Coincidentally, at the same time Renton arrives back in Edinburgh from Holland, and looks up Sickboy, who is running his late dad's pub. and would be on the brink of bankruptcy were it not for drug deals and a 'sex slave' blackmail racket with his current partner Veronika (Nadyalkova).

Renton, who has nothing to go back to in Holland, is soon involved in Sickboy's schemes for a glorified brothel on the premises: one of the best sequences has the two of them stealing credit cards at a Protestants-only hootenanny, but being dragooned into being part of the entertainment before they can skip the joint.

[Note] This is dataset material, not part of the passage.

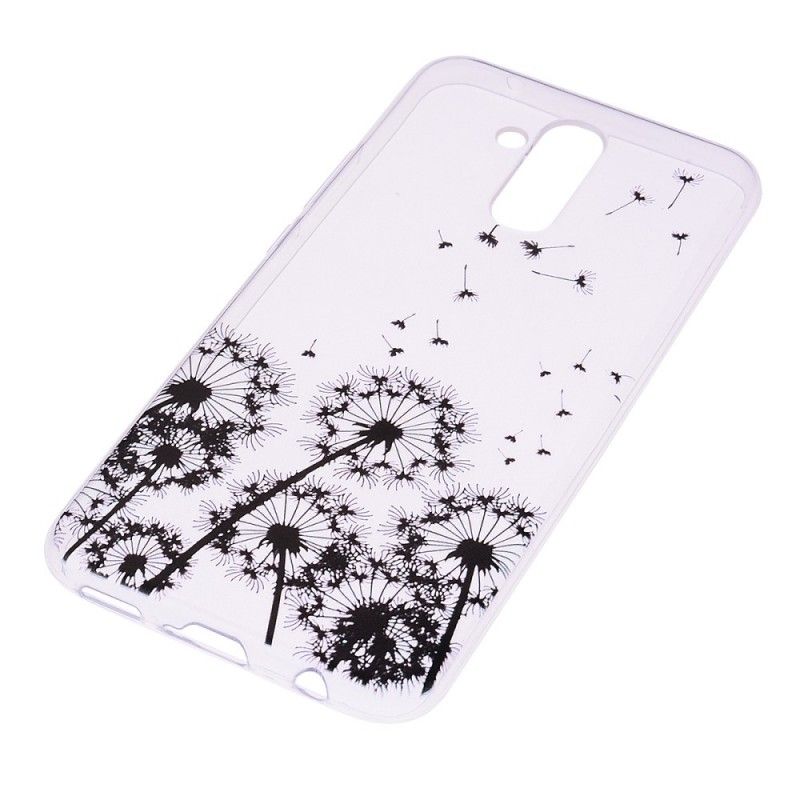Hoesje voor Huawei Mate 20 Lite De Vlucht Van Paardebloemen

Though the film has lots of the expected 18-certificate elements, there's some perceptive dialogue too - 'You're a tourist in your own youth' Sickboy tells Renton - and clever use of visuals: Renton's shadow at his father's dinner table takes the place of his deceased mother.

Aggressive eye-catching performances all round, but especially from Carlyle and the moon-faced Bremner, another shadow playing a part in his character's attempts to kick a 20-year drug habit. Original co-star Macdonald is in for one scene, showing that Diane has become a busy - and high-paid - lawyer. T3? It's a possibility, presumably with the crazed Begbie careering around in a souped-up wheelchair.

David Quinlan

UK 2017. UK Distributor: Sony (TriStar). Technicolor.
118 minutes. Not widescreen. UK certificate: 18.

Guidance ratings (out of 3): Sex/nudity 2, Violence/Horror 2, Drugs 3, Swearing 3.